LA CABINA
En 2016 quedará sin efecto la ley que obliga a instalar un teléfono público por cada 3.000 habitantes. Una medida lógica en un país con más de 50 millones de móviles. Así que las cabinas telefónicas pasarán a formar parte del museo cada vez más poblado de nuestra memoria sentimental. Cuántas cosas hay ya que ya no existen. Empezar a enumerarlas y no parar, eso debe ser hacerse mayor.
Yo empecé a frecuentarlas en la adolescencia. Bastaron un par de facturas para que mi padre descubriera que yo estaba queriendo. En una sobremesa inolvidable, tras tatuar en el mantel con un golpe seco la libreta de ahorros, soltó, mirándome fijamente, una de las frases míticas de la época: “Un día voy a arrancar el teléfono”.
Confieso que a partir de entonces, muchas noches, por amor, tuve que tirarme a la calle con unas cuantas monedas en el bolsillo y media docena de frases cursis en la boca. La cabina que estaba justo al lado del Bar Pepito, probablemente la que mejor olía de El Puerto, se convirtió en mi segunda residencia. La de historias de amor para toda la vida de unas cuantas semanas que vivió uno entre esos cuatro cristales. A veces, muy pocas veces, sucedía un milagro. Con la baba ya a la altura de las rodillas, reparabas en que el dinero no caía, que llevabas una eternidad diciendo y yo más con los mismos dos duros que habías puesto al entrar. Qué sensación esa, la de saber que podías pasar allí la noche gratis total recitando a Neruda o a Los Pecos, dependiendo si la novia del momento era más de los 20 poemas de amor o del Superpop.

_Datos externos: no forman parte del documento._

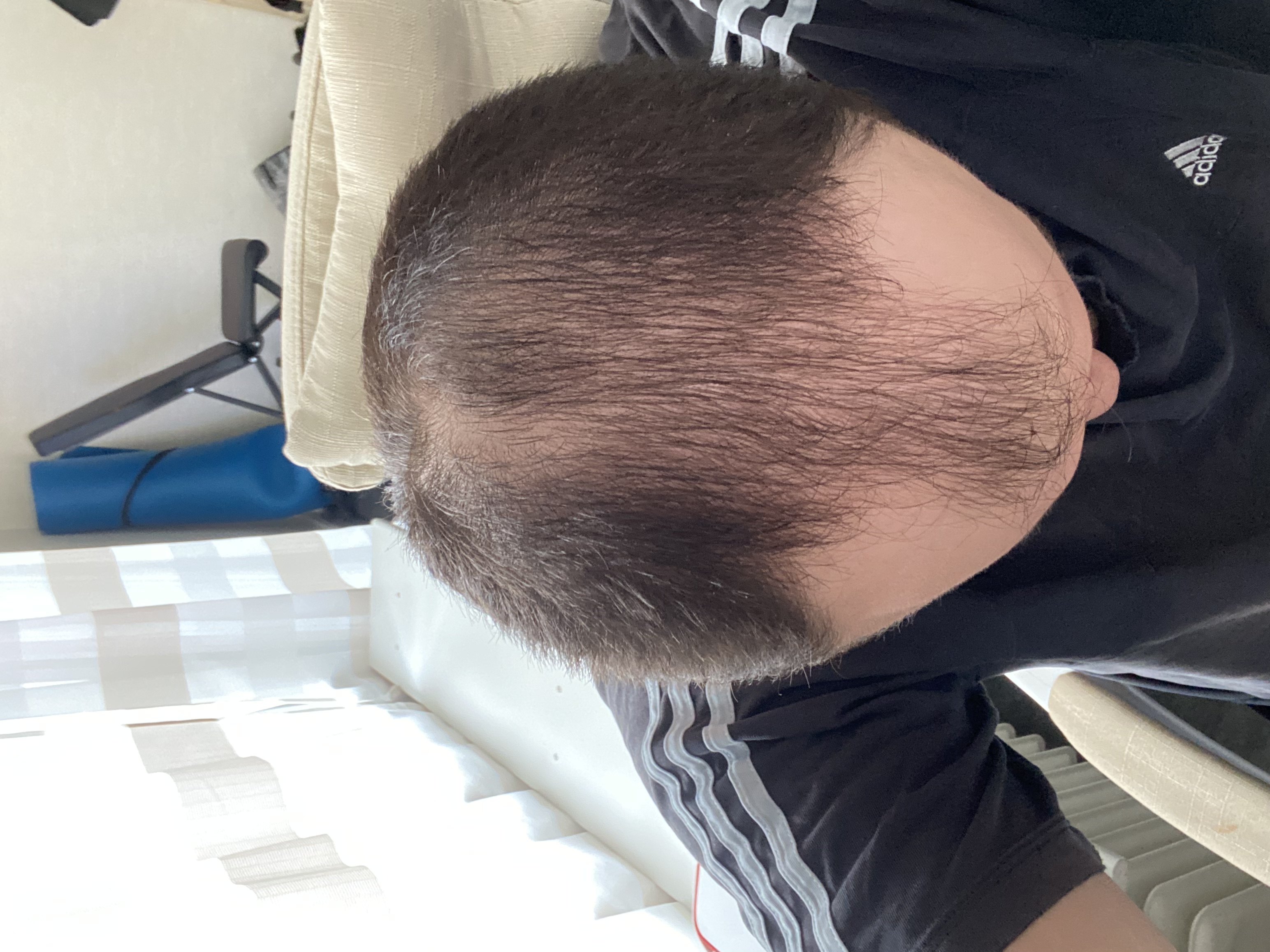 /foren/transplant/index.php/fa/58691/0/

Sin embargo, siempre había algún envidioso que rompía aquellos suspiros encadenados con frases como “dile adiós ya, capullo, que como yo entre a sacarte va a llorar hasta el teléfono, como en la canción de Domenico Modugno”. Eso si que eran emociones fuertes y no la mariconada esa de los emoticones.
Muchos años después, por una extraña pirueta del destino, pasé por allí el día en que unos operarios la desmontaban. Mientras la subían a un camión, me vi dentro de ella, tan joven como entonces, sin poder salir, como José Luis López Vázquez en La cabina, aquella película de Antonio Mercero. Me dejaron en este lugar de ahora tan raro que aún no sé muy bien qué es.